Livestreaming refers to video that is distributed over a network in near real time, without first being recorded in its entirety. Livestreaming can include broadcast livestreams, which are one-to-many connections that are sent to multiple devices simultaneously via broadcast or multicast network connections. Livestreaming may utilize various real-time communication protocols such as Real-Time Streaming Protocol (RTSP), HTTP Live Streaming (HLS), Secure Reliable Transport (SRT), and/or other suitable protocols. In addition to the ease of creating content, modern technology also enables easy consumption of content. Individuals are now able to consume video from almost anywhere on their mobile electronic devices, such as smartphones or tablet computers. Especially on mobile devices, social media platforms have become an extremely common use of internet-based video. Internet-based video can be accessed through the use of a browser or specialized app that can be downloaded from a variety of services. While these services vary in their video capabilities and features, they are generally able to display short video clips, repeating video “loops”, livestreaming, music videos, etc. These videos can last anywhere from a few seconds to an hour or more. Countless hours are spent online watching an endless supply of videos from friends, family, social media “influencers”, gamers, favorite sports teams, or other sources.
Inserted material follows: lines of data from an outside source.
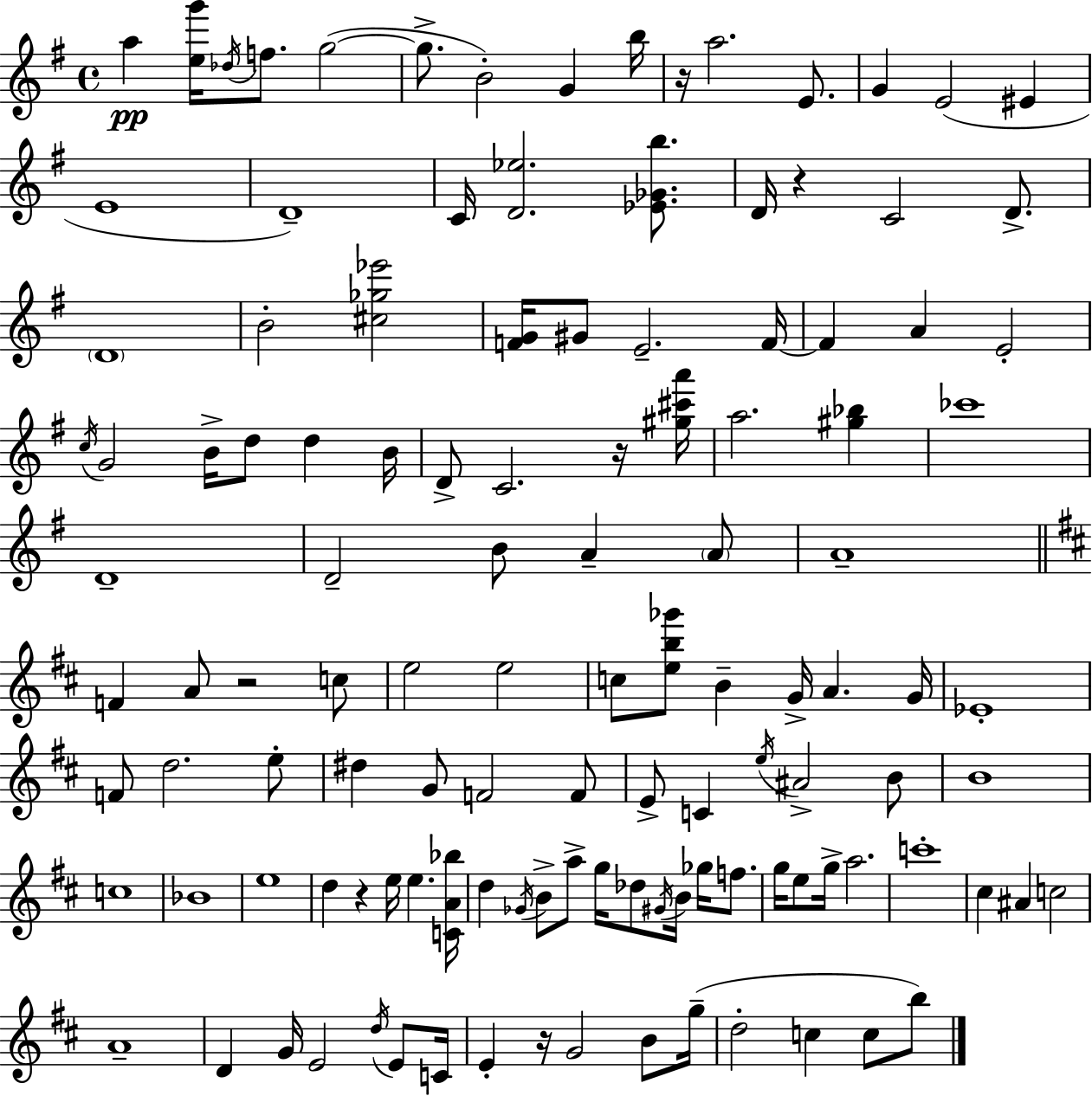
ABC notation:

X:1
T:Untitled
M:4/4
L:1/4
K:G
a [eg']/4 _d/4 f/2 g2 g/2 B2 G b/4 z/4 a2 E/2 G E2 ^E E4 D4 C/4 [D_e]2 [_E_Gb]/2 D/4 z C2 D/2 D4 B2 [^c_g_e']2 [FG]/4 ^G/2 E2 F/4 F A E2 c/4 G2 B/4 d/2 d B/4 D/2 C2 z/4 [^g^c'a']/4 a2 [^g_b] _c'4 D4 D2 B/2 A A/2 A4 F A/2 z2 c/2 e2 e2 c/2 [eb_g']/2 B G/4 A G/4 _E4 F/2 d2 e/2 ^d G/2 F2 F/2 E/2 C e/4 ^A2 B/2 B4 c4 _B4 e4 d z e/4 e [CA_b]/4 d _G/4 B/2 a/2 g/4 _d/2 ^G/4 B/4 _g/4 f/2 g/4 e/2 g/4 a2 c'4 ^c ^A c2 A4 D G/4 E2 d/4 E/2 C/4 E z/4 G2 B/2 g/4 d2 c c/2 b/2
Making short-form videos part of a product engagement and/or promotional strategy allows engagement with audiences that typically ignore traditional advertising outlets. Short-form videos can be easily shared among friends via email, texting, and/or posting on social media. This further increases the potential advertising impressions of products that are discussed and/or demonstrated in the short-form videos. Thus, short-form videos are an important part of a product launch strategy, public relations campaign, or other marketing efforts that strive to reach a wide audience.

SUMMARY

Short-form videos are very useful in product promotion, as they can be used to create engaging experiences that enhance entertainment value, while also educating potential consumers about the features of a product or service. An important aspect of the use of short-form videos is making sure that the short-form videos are presented to an appropriate audience. Disclosed embodiments provide techniques for short-form video dissemination by utilizing clustering with multi-dimensional vectors. This approach helps increase the likelihood that a short-form video is presented to users that will want to engage with the content. In embodiments, a container unit is rendered on the display of a mobile electronic device such as a smartphone or tablet computer. Videos are presented within the container unit in a variety of arrangements, allowing the viewer to select one or more short-form videos for viewing.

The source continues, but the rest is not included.